◆ DIRECTIONS FOR THIS TASK ◆
Write the data out in full and word for word. Do not include images.

◆ SUPPLIED INFORMATION ◆
■ ■ ■ ■

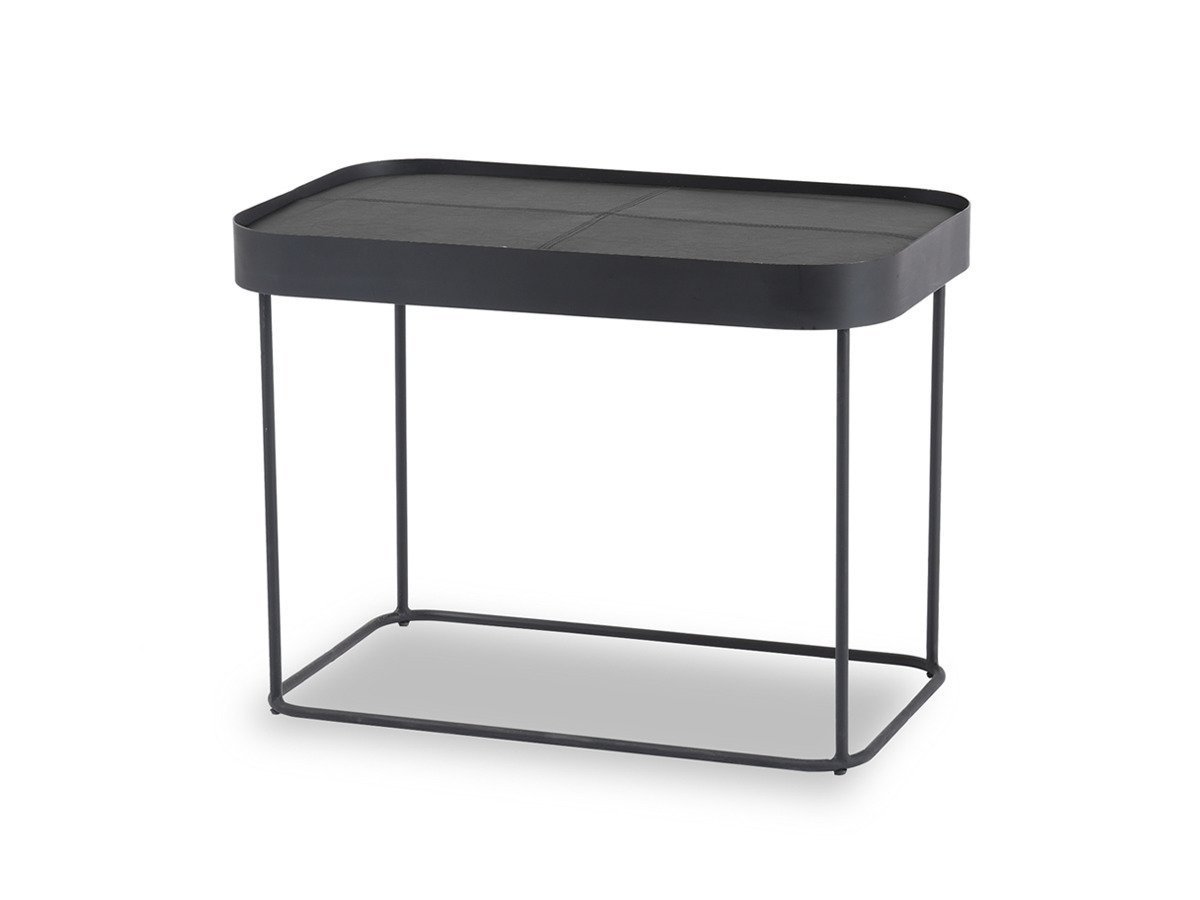 【ノーウェアライクホーム/NOWHERE LIKE HOME / GOODS】のFROM Side Table / フローム サイドテーブル 40 インテリア・キッズ・メンズ・レディースファッション・服の通販 founy(ファニー) 　送料無料　Free Shipping　テーブル　Table, Dining Table　リバーシブル　Reversible, Two-Sided　ホーム・キャンプ・アウトドア・お取り寄せ　Home Living / Home & Lifestyle / Camping Gear / Outdoor Camping　家具・インテリア　Home Furniture & Interior. Stylish & Functional Living Spaces　テーブル　Dining, Coffee & Side Tables　サイドテーブル・ナイトテーブル　Side & End Tables　ウォールナット × PVC ブラック|ID: prp329100004655280 ipo3291000000033668541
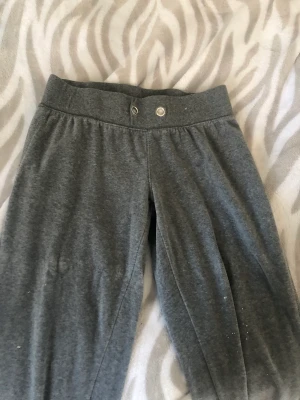 Grå mjukisbyxor - Hela men vita målarfläckqr på de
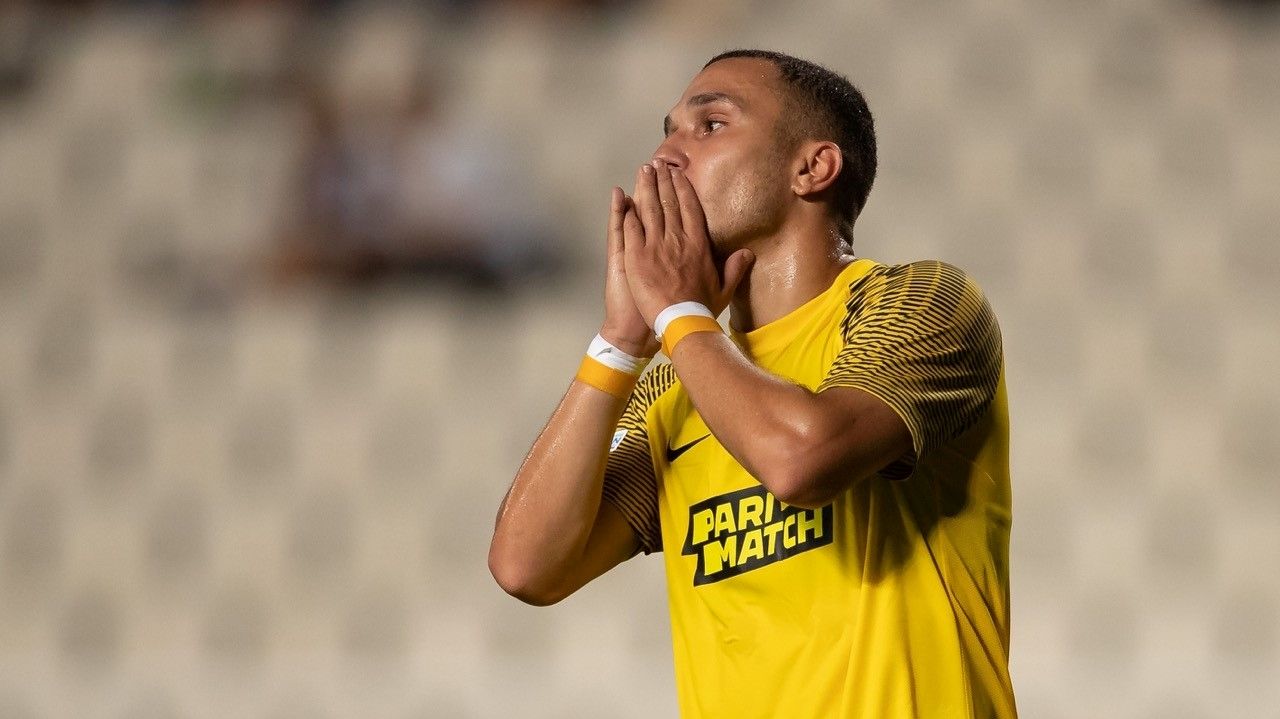 Яніс Амаш Яніс Амаш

■ ■ ■ ■

◆ SOLUTION TO THE EXERCISE ◆
 【ノーウェアライクホーム/NOWHERE LIKE HOME / GOODS】のFROM Side Table / フローム サイドテーブル 40 インテリア・キッズ・メンズ・レディースファッション・服の通販 founy(ファニー) 　送料無料　Free Shipping　テーブル　Table, Dining Table　リバーシブル　Reversible, Two-Sided　ホーム・キャンプ・アウトドア・お取り寄せ　Home Living / Home & Lifestyle / Camping Gear / Outdoor Camping　家具・インテリア　Home Furniture & Interior. Stylish & Functional Living Spaces　テーブル　Dining, Coffee & Side Tables　サイドテーブル・ナイトテーブル　Side & End Tables　ウォールナット × PVC ブラック|ID: prp329100004655280 ipo3291000000033668541
 Grå mjukisbyxor - Hela men vita målarfläckqr på de
 Яніс Амаш Яніс Амаш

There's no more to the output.